For a while now, Wikipedia has relied on a team of volunteer editors who appear to get off on the power over what others write. They appear a little too proud of their ability to define that porn stars are “notable” while Fudzilla does not exist. Recently they even censored their own boss Jimmy Wales.
However, that is nothing to what has been going on in China where the volunteers felt it was their god given right to push a pro government line and embarked on a campaign involving physical beatings, doxxings, and harassment.
Normally the Wikimedia Foundation ignores these particular power abuses, but in this case the outfit had to admit that they overstepped their god-like powers a bit.
It has banned seven high-level users in September and temporarily demoted a dozen others for abuses "unprecedented in scope and nature."
The foundation accused these volunteers of biasing it in favor of the Chinese government's viewpoint. This incident involved a monthlong investigation found that the veteran editors were "coordinating to bias the encyclopaedia and bias positions of authority" around a pro-Beijing viewpoint, in part by meddling in administrator elections and threatening, and even physically assaulting, other volunteers.
What is bizarre is that China blocks the site and makes accessing it a crime. The editors have to tunnel through the Great Firewall with VPNs.
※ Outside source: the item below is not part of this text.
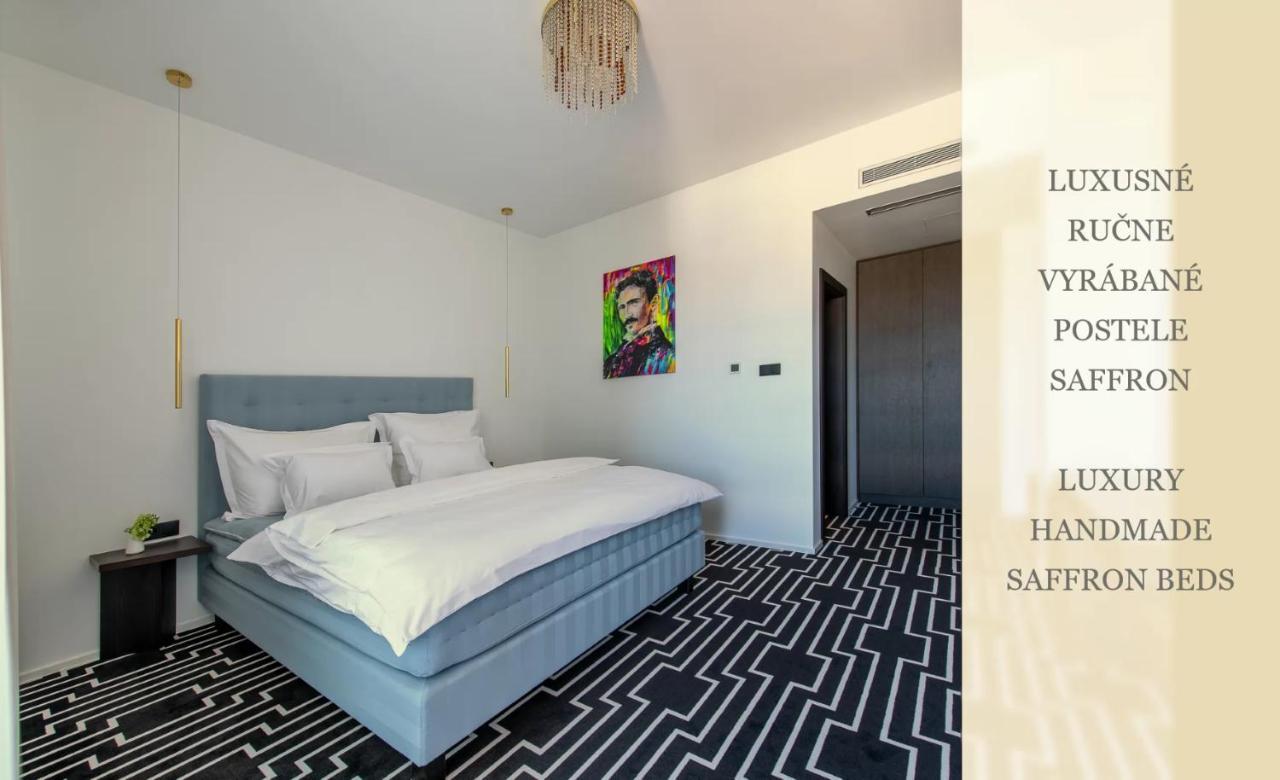Hotel Zemplen มิคาโลเท ภายนอก รูปภาพ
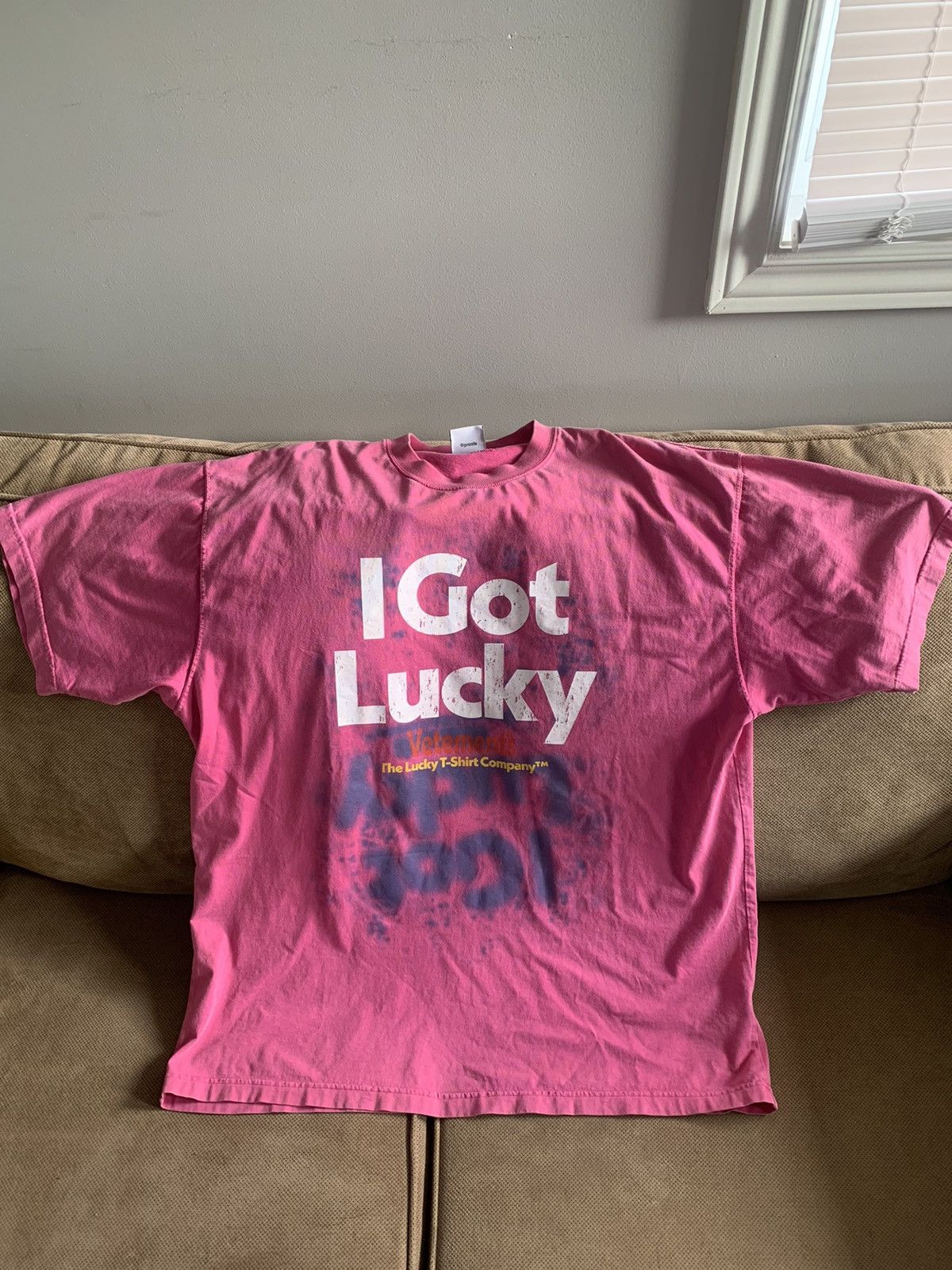 Vetements I Got Lucky T T-Shirts, Hoodie, Sweatshirt | FlexRushtees.com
But to do that, and then basically carry out China’s censorship policy “because they believe it is right” adds another strand of weirdness to the Wackypedia editorial team.
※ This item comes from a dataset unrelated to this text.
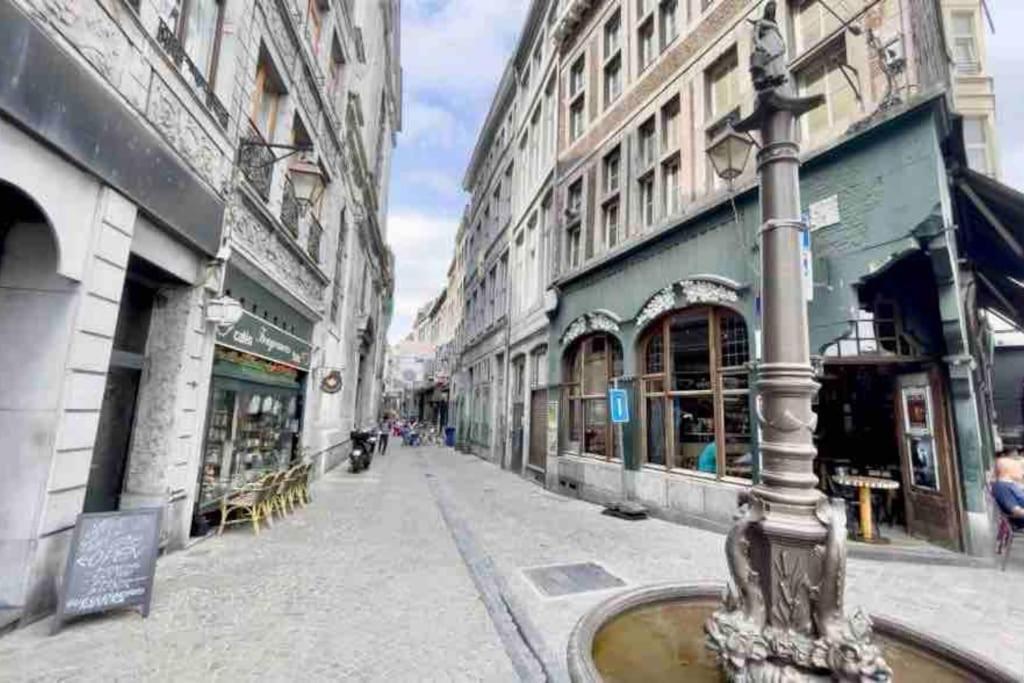 Le Neuvice - Place Du Marche, Quais, Bueren Liège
In some cases, the Foundation found, the fights had spread beyond online harassment into real-life threats, and worse. Wackypedia said there was no evidence the banned editors were backed by the government it is just a bunch of polarised editors fighting each other.
The Foundation had only issued 86 bans since 2012, and typically only one at a time. Suddenly, the Foundation's bans and penalties had knocked out a third of the Chinese edition's administrators.
It argues that the banned users "liked to defend Beijing's point of view, but they also liked their influence over the Wiki community; and a pro-China stance allowed them to more easily fly under the government's radar.
To protect their fiefdom, they sometimes resorted to personal threats, harassment, and assault."
Since the ban, they've now launched a "hard fork" of Chinese Wikipedia which already has 400,000 articles, "tailored to appease government censors so that anyone on the mainland can access it."